Thinking of a Self-Directed IRA (part 2)

2. IRA custodians and IRA LLC facilitators often miss legal and tax problems. It never ceases to amaze me when IRA account owners tell me that what they have done with their IRA (or IRA LLC) – or what they plan to do in the future – is okay “because their custodian said so.” There are numerous problems with this statement. First, IRA custodians and IRA LLC facilitation companies are not in the business of advising IRA owners on the subtleties of IRA legal and tax issues. These companies do not practice law, provide financial advice, or otherwise provide their clients with investment or tax advice. In fact, all IRA custodians and IRA LLC facilitators have language in their contracts that say things like “you are solely responsible for the success or failure of your account” or “we are not advising you on legal or tax issues.”

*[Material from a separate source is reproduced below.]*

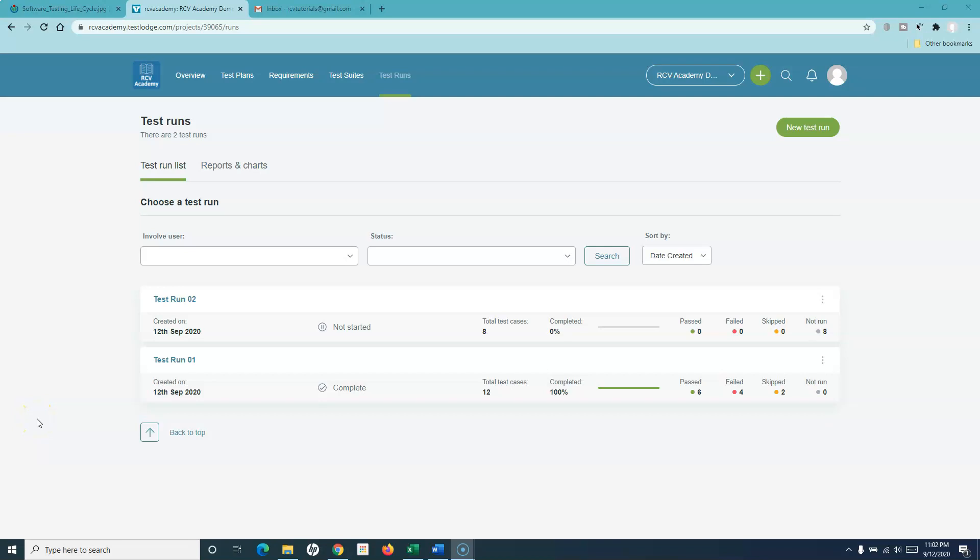Hello everyone. Welcome again to another TestLodge tutorial. In this tutorial, I'm going to talk a bit more about the test runs and then discuss the reports that are available in TestLodge.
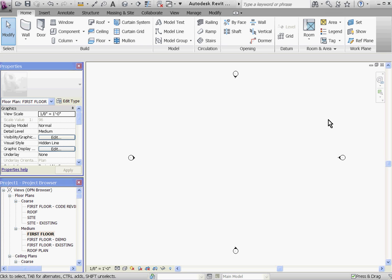In Revit, the phasing tool allows you to set up the phases of the project along a timeline. You can add as many phases as you want, and by establishing these in a timeline, Revit keeps track of which phases happen before or after which other phases.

Second, although IRA custodians do their best to train their representatives to recognize obvious legal and tax problems, the ultimate motivation of IRA custodian and IRA LLC facilitator employees is to establish as many accounts as possible (i.e. more commissions). The result is that these representatives often glaze over the legal parameters and/or ignore key facts that might cause legal and tax problems. After all, it is not the employee’s problem if the IRA account holder violates the IRA rules.

The third potential problem with relying on the advice provided by an IRA custodian or IRA LLC facilitation company is that not all IRA legal and tax issues are “black and white.” For example, the “prohibited transaction” rules (which, if violated, can result in an IRA being treated as fully distributed to the IRA owner in one lump sum = terrible tax consequences) state that a “disqualified person” includes an IRA account holder’s spouse – in other words, no financial interactions can occur between the IRA and the IRA account holder’s spouse. However, this does not mean that a loan from IRA to the IRA account holder’s girlfriend is legally proper. In fact, the IRS has the ability to scrutinize any IRA investment that creates a “conflict of interest.” This is a simple example of the intricacies involved in the federal law that IRA custodians and IRA LLC facilitators either are not aware of or choose to ignore.

3. IRA tax returns – the tax compliance black hole. Many self-directed IRA (and IRA LLC) account owners are completely unaware that there are certain situations where the income earned by their self-directed IRA is not exempt from current tax (i.e. their IRA must file a tax return and pay a tax). Generically speaking, these situations occur when the IRA earns income that is “debt-financed” for from an “operating business.” However, the devil is in the tax details when it comes to these situations. In addition, because the IRA custodians and IRA LLC facilitators take a completely hands-off approach, many of these situations are entirely unreported to the IRS, and thus lead to a potential ticking time bomb (think: IRS audit).

For example, consider a situation in which a self-directed IRA (or IRA LLC) invests into a real estate partnership that has four other owners (which might or might not be other IRAs). The partnership then uses the initial investors’ funds along with a bank loan to purchase a piece of vacant land. The partnership then builds several houses on the property and sells all of them for a substantial profit. At the end of the tax year, the partnership will issue tax forms to the investors showing each investors’ share of the partnership’s gain. For the IRA investor, the forms will go to the self-directed IRA account holder (or IRA LLC’s Manager). This situation will definitely trigger a tax filing requirement for the IRA (due to development being considered an operating business and/or due to the debt-financing), but unfortunately the IRA custodian might never realize that this situation has occurred. Further, if the IRA account holder is unaware of the rules, a “tax compliance black hole” will emerge.

Summary: The issues above demonstrate the importance of IRA account holders speaking with experienced legal and/or tax professionals before moving forward with a self-directed IRA (or IRA LLC) formation and investment. If there is one thing that my experience with self-directed IRA investors has taught me, it is that up front education is critical in order to prevent both immediate and long term legal and tax compliance violations.